Since the advent of Gutenberg’s press, typesetting has relegated text to the margins of visualization: legends, axes, captions and footnotes. But modern web-based platforms can infuse rich textual information into interactive graphs and charts. Big data text analytics, such as natural language processing (NLP), power visualization techniques that reveal greater insights.
We first detailed these advances in our recent Strata talk. Below we summarize a few examples of real-world applications to identify business opportunities.
Use of emotion by CEOs in earnings calls
CEOs use earnings calls to summarize the strengths and challenges of their businesses. By visualizing several quarters worth of calls from executives in the S&P 500, we can begin to understand industry-wide trends.
One common way to do this is with a tag cloud—also known as a word cloud. While tag clouds can identify the most frequently used terms across the dataset, they are often ambiguous. Larger words only indicate “more,” and no legend exists to facilitate exact comparisons between words. Positioning and color are meaningless, and we can’t infer related traits.
Instead, we used NLP to extract traits from the calls that are “emotion” words (e.g. demand, rejection, progress, etc.). Then we created a chart that uses font weight to show the frequency of use of each term by CEO. Note how most CEOs repeat the same positive words, perhaps attempting to put the best spin on their performance.
To gain more insight, we applied term frequency-inverse document frequency (TFIDF) to capture words that are unique to each CEO. Repopulating the chart, we see that these results better characterize the companies that each executive leads. For example, David Hallal was notable for his use of terms such as disease, devastating and therapeutic.
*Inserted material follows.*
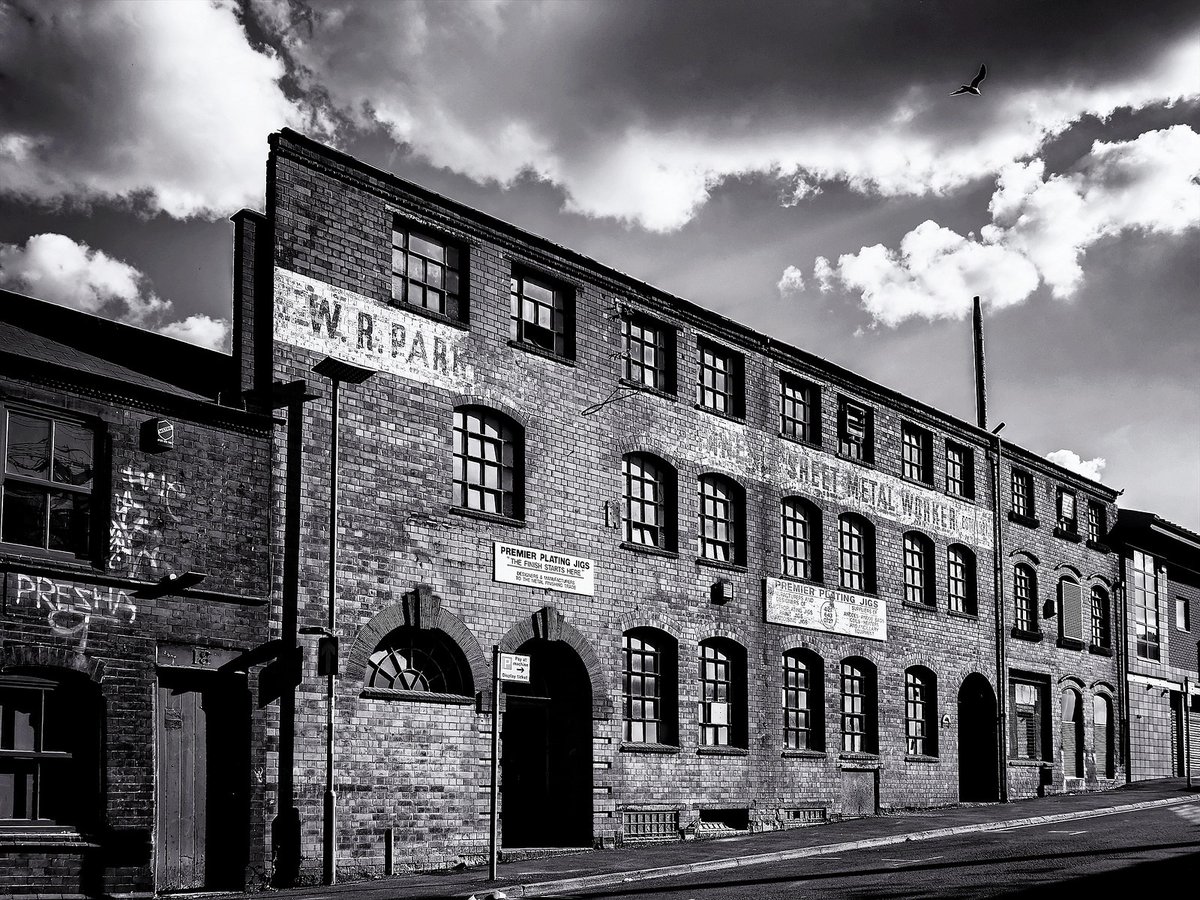 BirminghamWeAre's tweet photo. Mac with this great monochrome of New Bartholomew Street, Digbeth, Birmingham, feels like we have gone back in in time - Courtesy @Macpedigree https://t.co/22UfHh9om6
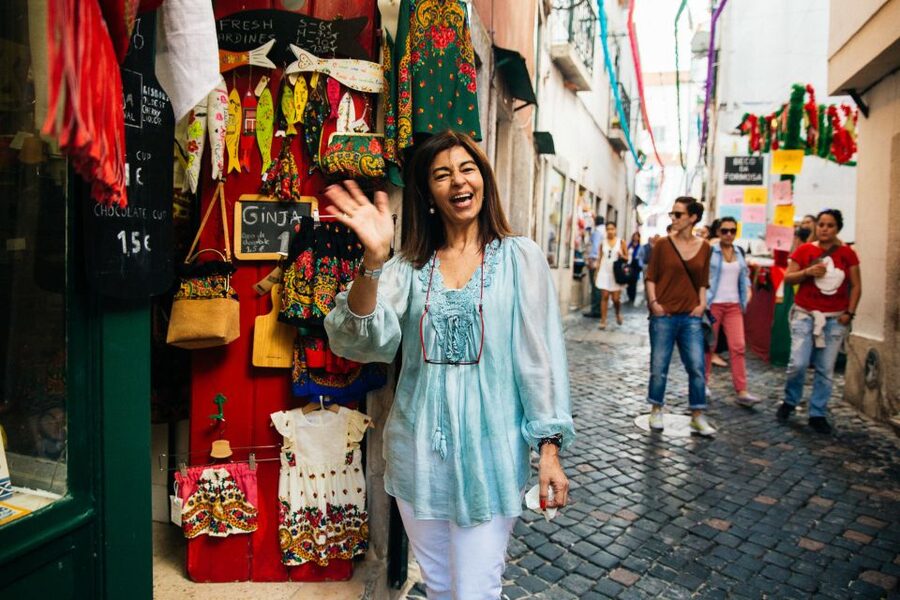 Lisbon: Private Evening Tour with Drinks & Bites in Alfama - Drinks and Bites: What You Can Expect to Taste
Cross-referencing him online, we can see that Hallal was CEO of Alexion Pharmaceuticals at the time of this call.
Extending this concept, we could potentially discover trends within or across business sectors by looking for underlying causes associated with negative words. For example, we might want to understand if weather, Internet competition, or trade issues were common themes discussed by different companies.
Litigious patent spaces
U.S. patent applications are an indicator of emergent innovation. But significant litigation in different areas of intellectual property can warrant caution. These signals can also guide U.S. Patent Office reviewer recruitment strategies and inform scrutiny of contentious patent areas.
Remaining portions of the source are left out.